Visual Explanation of Black-box Models Using Layer-wise Class Activation Maps from Approximating Neural Networks

신경망 근사에 의한 다중 레이어의 클래스 활성화 맵을 이용한 블랙박스 모델의 시각적 설명 기법

  • Received : 2021.06.22
  • Accepted : 2021.07.22
  • Published : 2021.08.31


In this paper, we propose a novel visualization technique to explain the predictions of deep neural networks. We use knowledge distillation (KD) to identify the interior of a black-box model for which we know only inputs and outputs.
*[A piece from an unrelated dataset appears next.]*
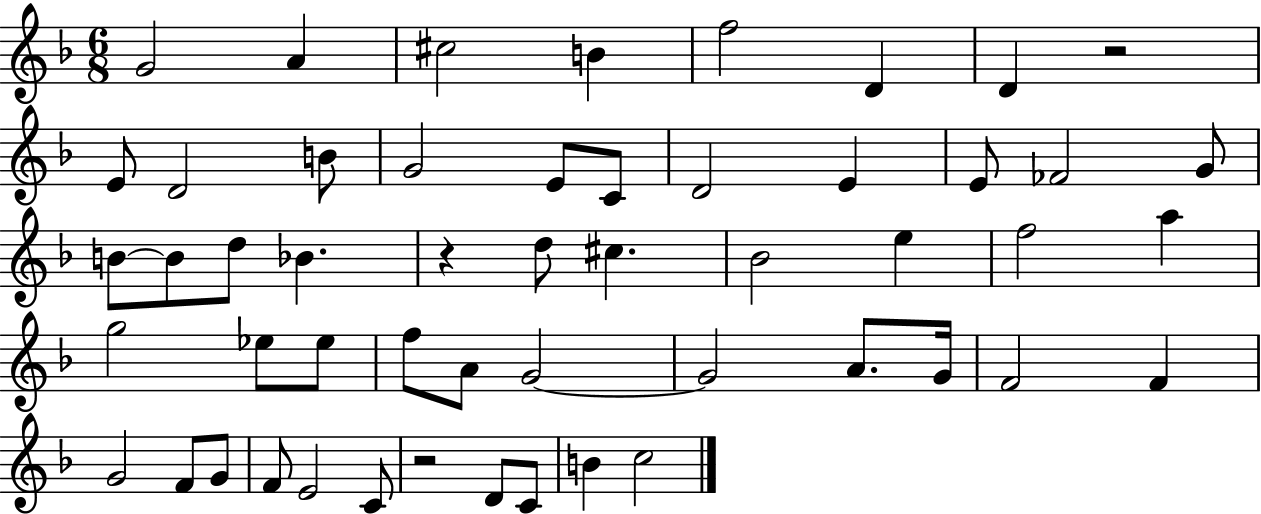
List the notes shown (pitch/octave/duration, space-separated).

G4/h A4/q C#5/h B4/q F5/h D4/q D4/q R/h E4/e D4/h B4/e G4/h E4/e C4/e D4/h E4/q E4/e FES4/h G4/e B4/e B4/e D5/e Bb4/q. R/q D5/e C#5/q. Bb4/h E5/q F5/h A5/q G5/h Eb5/e Eb5/e F5/e A4/e G4/h G4/h A4/e. G4/s F4/h F4/q G4/h F4/e G4/e F4/e E4/h C4/e R/h D4/e C4/e B4/q C5/h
The information of the black box model will be transferred to a white box model that we aim to create through the KD. The white box model will learn the representation of the black-box model. Second, the white-box model generates attention maps for each of its layers using Grad-CAM. Then we combine the attention maps of different layers using the pixel-wise summation to generate a final saliency map that contains information from all layers of the model. The experiments show that the proposed technique found important layers and explained which part of the input is important. Saliency maps generated by the proposed technique performed better than those of Grad-CAM in deletion game.



이 논문은 정부 (과학기술통신부)의 재원으로 한국연구재단 (No. 2019R1F1A1061941) 및 전북대학교 인공지능응용기술연구센터의 지원을 받아 수행된 연구임.